UN pushes for verifiable net-zero pledges
A UN expert group is working on standards to ensure that the “avalanche” of net-zero commitments from non-state actors is not just a greenwashing exercise.
The United Nations is working on standards to ensure that net-zero claims from non-state entities are legitimate and verifiable, although lots of questions remain about how to do so.
UN Secretary-General António Guterres launched an expert group in March of this year to develop stronger and clearer standards on net-zero commitments. Many governments around the world have already announced net-zero emissions pledges, with 2050 a common deadline. In addition to those pledges, a barrage of net-zero pledges have come from the private sector, as well as subnational governments.
However, there is very little standardization or verification, making it extremely difficult to hold businesses, investors, and municipal governments to account. The dates vary, as do the starting points and baselines. Net-zero claims can also depend very heavily on offsets, rather than actual reductions in pollution. At worst, pledges can amount to cynical greenwashing, rather than actual emissions reductions.
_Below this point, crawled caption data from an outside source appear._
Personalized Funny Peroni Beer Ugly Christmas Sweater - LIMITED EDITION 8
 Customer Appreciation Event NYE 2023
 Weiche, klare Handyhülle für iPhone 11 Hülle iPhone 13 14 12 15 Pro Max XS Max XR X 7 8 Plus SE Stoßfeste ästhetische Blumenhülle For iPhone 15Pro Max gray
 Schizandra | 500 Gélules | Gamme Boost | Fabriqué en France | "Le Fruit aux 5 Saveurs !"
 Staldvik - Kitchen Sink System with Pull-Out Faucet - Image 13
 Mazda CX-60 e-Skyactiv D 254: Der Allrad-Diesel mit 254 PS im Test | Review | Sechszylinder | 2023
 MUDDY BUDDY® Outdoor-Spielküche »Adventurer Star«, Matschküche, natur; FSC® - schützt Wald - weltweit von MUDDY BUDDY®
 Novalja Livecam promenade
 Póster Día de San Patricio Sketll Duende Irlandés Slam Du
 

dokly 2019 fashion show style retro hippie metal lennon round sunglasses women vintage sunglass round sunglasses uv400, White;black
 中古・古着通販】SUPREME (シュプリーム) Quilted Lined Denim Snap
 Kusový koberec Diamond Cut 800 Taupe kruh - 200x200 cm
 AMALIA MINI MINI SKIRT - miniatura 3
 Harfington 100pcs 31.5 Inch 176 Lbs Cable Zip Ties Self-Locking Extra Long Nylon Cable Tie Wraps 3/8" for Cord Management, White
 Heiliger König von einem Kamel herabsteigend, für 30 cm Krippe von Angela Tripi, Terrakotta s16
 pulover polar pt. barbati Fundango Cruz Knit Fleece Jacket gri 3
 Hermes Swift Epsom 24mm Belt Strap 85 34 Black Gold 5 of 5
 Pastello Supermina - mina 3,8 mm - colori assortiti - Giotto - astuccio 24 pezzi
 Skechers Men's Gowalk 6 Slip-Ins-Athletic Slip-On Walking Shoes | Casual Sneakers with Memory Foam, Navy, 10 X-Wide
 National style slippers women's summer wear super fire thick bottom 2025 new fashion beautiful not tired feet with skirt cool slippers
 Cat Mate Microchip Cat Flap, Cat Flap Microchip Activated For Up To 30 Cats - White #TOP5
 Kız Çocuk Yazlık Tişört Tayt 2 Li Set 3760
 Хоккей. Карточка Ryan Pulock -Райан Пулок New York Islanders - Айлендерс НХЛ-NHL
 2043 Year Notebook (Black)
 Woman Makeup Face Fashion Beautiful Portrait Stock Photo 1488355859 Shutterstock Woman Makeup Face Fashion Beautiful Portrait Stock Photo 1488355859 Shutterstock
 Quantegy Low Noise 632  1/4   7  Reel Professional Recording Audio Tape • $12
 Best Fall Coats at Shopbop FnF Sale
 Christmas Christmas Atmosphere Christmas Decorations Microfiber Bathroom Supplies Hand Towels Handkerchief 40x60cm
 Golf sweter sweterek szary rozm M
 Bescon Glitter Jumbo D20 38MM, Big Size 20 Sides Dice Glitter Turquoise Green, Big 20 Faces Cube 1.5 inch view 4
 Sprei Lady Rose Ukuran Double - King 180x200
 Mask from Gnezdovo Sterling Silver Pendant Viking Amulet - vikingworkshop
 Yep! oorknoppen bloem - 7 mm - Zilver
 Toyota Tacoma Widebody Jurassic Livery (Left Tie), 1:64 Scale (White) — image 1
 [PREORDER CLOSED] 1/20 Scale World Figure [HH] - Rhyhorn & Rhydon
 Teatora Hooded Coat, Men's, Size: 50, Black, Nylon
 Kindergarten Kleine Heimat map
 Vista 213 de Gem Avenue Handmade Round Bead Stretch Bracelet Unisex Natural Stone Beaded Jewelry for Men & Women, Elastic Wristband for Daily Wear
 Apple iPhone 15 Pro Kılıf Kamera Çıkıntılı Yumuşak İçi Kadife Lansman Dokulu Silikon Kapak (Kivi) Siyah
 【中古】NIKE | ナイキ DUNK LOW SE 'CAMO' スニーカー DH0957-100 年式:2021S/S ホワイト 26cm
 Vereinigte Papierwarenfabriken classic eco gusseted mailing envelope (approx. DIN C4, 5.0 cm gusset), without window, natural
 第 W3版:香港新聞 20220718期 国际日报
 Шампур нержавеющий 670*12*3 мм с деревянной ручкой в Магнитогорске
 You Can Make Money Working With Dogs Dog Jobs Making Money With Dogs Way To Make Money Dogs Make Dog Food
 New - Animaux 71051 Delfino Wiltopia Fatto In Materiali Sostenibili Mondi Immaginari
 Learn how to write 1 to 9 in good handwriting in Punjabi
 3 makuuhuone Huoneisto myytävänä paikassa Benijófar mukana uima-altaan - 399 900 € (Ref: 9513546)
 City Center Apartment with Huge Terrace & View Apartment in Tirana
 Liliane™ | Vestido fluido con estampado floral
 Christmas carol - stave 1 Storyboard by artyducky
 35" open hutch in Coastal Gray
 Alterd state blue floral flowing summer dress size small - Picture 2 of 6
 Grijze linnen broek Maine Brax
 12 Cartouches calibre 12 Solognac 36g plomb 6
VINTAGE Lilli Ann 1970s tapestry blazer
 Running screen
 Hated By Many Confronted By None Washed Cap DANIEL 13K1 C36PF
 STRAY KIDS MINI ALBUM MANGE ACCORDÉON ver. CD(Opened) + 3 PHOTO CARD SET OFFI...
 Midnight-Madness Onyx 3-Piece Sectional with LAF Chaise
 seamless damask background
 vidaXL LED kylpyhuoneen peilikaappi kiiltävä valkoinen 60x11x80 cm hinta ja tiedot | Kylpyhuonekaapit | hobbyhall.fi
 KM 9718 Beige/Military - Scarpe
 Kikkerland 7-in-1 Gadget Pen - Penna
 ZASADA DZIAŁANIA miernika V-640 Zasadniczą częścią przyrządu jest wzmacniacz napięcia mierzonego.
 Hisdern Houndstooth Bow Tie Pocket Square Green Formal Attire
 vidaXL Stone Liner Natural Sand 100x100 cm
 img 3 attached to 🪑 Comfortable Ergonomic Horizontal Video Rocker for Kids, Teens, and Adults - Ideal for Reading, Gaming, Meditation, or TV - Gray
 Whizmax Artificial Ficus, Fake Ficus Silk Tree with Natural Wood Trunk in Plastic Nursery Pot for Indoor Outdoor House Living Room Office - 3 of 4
“The world is going backwards on climate action. At the same time there has been an avalanche of net-zero pledges from businesses, ambassadors, cities, and regions that we have seen in recent years and recent months. This is certainly welcome,” Catherine McKenna, former Canadian Minister of Environment and Climate Change, and the chair of the UN expert group, said on a UN webinar held last week.
“We know non-state actors play a huge role in tackling climate change and reducing emissions. But let’s be clear. While an important first step, pledging net-zero emissions is the easy part. The harder part is doing the work to get there,” McKenna said.
She cited UN Secretary-General António Guterres, who warned that net-zero pledges lacked integrity. “There is a deficit of credibility and a surplus of confusion over emissions reductions and net-zero targets, with different meanings and different metrics,” Guterres said at the international climate talks in Glasgow, Scotland in November 2021, when he announced his intention to form the expert group to formulate standards.
The body has 16 members, all high-level experts or government officials from around the world.
“The purpose of the expert group is to deliver stronger, clearer standards for net-zero pledges that apply to all non-state actors and help them speed up their implementation so they contribute to the real, deep, urgent, GHG emissions cuts that the world desperately needs,” McKenna said.
The group is surveying the policy landscape, identifying problems and gaps. Between June 29 and August 31, the group is accepting public input on how to develop new standards.
Keeping 1.5C alive
The standards are based on four overarching goals. First, net-zero claims must be grounded in the international goal of keeping global warming within the 1.5-degree Celsius target. Second, far-off net-zero targets must come accompanied by interim targets – immediate action this decade, accompanied with milestones along the way. Third, commitments need to be verified and transparent. Finally, the expert group wants to develop regulatory pathways so that new standards have teeth even in the absence of an international treaty or agreement.
“There’s a bit of confusion out there about what net-zero is. And this has led to a wide diversity of interpretations for those pledging to reach net-zero,” said Bill Hare, co-founder and CEO of Climate Analytics, an international non-profit based in Germany. Hare is also a member of the UN expert group. “We simply can’t afford greenwashing to happen. We can’t afford offsetting to be a greenwashing technique rather than a way towards achieving real net-zero emissions.”
One of the problems with net-zero claims is that they arguably allow companies to announce pledges to take action decades from now. For instance, ExxonMobil announced earlier this year a net-zero emissions pledge for 2050, but offered little detail on how it would get there. The pledge relied very heavily on technologies not yet commercialized, and it also only accounted for a portion of the company’s emissions. Meanwhile, the oil giant still plans on growing oil and gas production for years to come.
ExxonMobil is far from alone. Net-zero commitments have become commonplace in the corporate world, creating the semblance of widespread climate action. The risk is that little is done today, allowing unchecked pollution to continue.
In another high-profile example, climate researchers concluded that Qatar’s claims that the upcoming FIFA World Cup would be carbon neutral are “simply not credible.”
“Some key takeaways from our consultations so far is that we have identified that most net-zero pledges are based on targets which are so far into the future that there is no action implied right now,” Camila Escobar, CEO of Juan Valdez Café, a multinational coffeehouse chain, and another member of the UN group, said at the virtual event.
“Net-zero cannot only be about cutting emissions 18 years from now. Net-zero commitments must contribute to immediate change in how the company, the investor, or the city takes actions with regards to their investments and their transition plans,” Escobar added.
The UN group hopes to establish recommendations ahead of the COP27 negotiations to be held later this year in Sharm el-Sheikh, Egypt.
“The one thing we are lacking is time. We know we are nearing the point of no return,” said Helena Viñes Fiestas, the Commissioner of the Spanish Financial Markets Authority and Rapporteur of the EU Platform on Sustainable Finance.
“And unfortunately, the urgency is such that we no longer have the luxury to wait for a global agreement on standards and for the establishment of legally binding requirements,” she added.